■ **What is needed**:
Look for the line that has "Suites Punta Arena Surf" in the material below; please repeat it and every line after it, exactly, up to and including the line that has "Tanzania-6009", and nothing else.

■ **Input records**:
[Start of section]
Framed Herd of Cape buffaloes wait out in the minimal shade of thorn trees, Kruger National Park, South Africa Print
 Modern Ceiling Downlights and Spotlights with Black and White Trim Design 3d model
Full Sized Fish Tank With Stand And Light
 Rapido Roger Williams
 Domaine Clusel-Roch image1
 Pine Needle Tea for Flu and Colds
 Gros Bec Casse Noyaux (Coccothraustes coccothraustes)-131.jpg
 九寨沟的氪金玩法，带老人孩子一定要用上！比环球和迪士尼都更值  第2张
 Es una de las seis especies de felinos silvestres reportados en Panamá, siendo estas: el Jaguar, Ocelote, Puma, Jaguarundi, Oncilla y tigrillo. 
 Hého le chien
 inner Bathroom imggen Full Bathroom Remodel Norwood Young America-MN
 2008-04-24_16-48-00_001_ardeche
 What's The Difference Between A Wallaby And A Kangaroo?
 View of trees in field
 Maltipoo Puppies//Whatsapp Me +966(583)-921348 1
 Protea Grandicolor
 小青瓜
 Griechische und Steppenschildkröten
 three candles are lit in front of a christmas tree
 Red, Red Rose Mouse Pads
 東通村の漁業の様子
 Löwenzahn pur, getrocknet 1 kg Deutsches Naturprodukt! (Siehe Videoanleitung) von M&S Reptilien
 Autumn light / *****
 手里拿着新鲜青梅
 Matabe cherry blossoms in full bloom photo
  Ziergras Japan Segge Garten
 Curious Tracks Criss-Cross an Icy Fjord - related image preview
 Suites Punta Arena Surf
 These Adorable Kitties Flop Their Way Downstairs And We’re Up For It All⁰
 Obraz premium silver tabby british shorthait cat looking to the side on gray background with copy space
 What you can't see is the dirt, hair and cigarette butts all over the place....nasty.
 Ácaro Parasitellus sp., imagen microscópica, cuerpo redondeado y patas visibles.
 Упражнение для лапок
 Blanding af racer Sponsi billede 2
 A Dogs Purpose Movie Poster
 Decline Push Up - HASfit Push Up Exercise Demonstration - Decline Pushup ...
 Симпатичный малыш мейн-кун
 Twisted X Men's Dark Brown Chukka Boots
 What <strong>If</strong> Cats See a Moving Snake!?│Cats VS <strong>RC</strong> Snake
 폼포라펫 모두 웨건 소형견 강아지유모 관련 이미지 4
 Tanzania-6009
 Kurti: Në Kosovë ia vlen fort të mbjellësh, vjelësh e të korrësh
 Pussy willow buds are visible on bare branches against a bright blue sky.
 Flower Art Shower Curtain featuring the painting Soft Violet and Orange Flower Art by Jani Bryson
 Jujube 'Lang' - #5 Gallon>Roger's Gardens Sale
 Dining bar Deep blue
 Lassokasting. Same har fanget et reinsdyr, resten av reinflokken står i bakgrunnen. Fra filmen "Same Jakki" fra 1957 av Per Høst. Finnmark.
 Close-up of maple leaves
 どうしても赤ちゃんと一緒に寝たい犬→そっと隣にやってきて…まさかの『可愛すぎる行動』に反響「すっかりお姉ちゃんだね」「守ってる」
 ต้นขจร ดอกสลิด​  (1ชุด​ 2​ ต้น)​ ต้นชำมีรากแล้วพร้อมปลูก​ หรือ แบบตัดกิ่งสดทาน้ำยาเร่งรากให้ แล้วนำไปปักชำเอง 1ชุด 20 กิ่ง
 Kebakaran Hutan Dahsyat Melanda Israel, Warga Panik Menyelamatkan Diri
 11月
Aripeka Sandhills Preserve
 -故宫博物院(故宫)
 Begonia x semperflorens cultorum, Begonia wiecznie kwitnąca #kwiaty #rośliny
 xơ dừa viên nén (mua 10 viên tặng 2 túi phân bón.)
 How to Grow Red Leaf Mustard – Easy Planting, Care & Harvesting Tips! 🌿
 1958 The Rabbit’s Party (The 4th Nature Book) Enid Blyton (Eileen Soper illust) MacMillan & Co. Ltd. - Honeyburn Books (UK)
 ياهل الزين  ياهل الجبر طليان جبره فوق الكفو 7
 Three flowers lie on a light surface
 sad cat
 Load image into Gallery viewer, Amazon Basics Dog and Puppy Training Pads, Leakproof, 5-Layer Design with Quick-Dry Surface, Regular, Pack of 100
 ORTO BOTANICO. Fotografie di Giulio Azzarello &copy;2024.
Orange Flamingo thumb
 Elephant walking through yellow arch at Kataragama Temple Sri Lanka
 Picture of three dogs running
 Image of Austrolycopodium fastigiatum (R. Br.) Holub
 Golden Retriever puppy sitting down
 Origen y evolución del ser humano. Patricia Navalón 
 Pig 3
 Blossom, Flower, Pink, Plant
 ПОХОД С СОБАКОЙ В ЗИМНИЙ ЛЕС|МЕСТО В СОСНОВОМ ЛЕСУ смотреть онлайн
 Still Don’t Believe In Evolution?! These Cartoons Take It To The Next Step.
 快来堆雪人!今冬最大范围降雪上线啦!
[End of section]
■ **Solution to this problem**:
 Suites Punta Arena Surf
 These Adorable Kitties Flop Their Way Downstairs And We’re Up For It All⁰
 Obraz premium silver tabby british shorthait cat looking to the side on gray background with copy space
 What you can't see is the dirt, hair and cigarette butts all over the place....nasty.
 Ácaro Parasitellus sp., imagen microscópica, cuerpo redondeado y patas visibles.
 Упражнение для лапок
 Blanding af racer Sponsi billede 2
 A Dogs Purpose Movie Poster
 Decline Push Up - HASfit Push Up Exercise Demonstration - Decline Pushup ...
 Симпатичный малыш мейн-кун
 Twisted X Men's Dark Brown Chukka Boots
 What <strong>If</strong> Cats See a Moving Snake!?│Cats VS <strong>RC</strong> Snake
 폼포라펫 모두 웨건 소형견 강아지유모 관련 이미지 4
 Tanzania-6009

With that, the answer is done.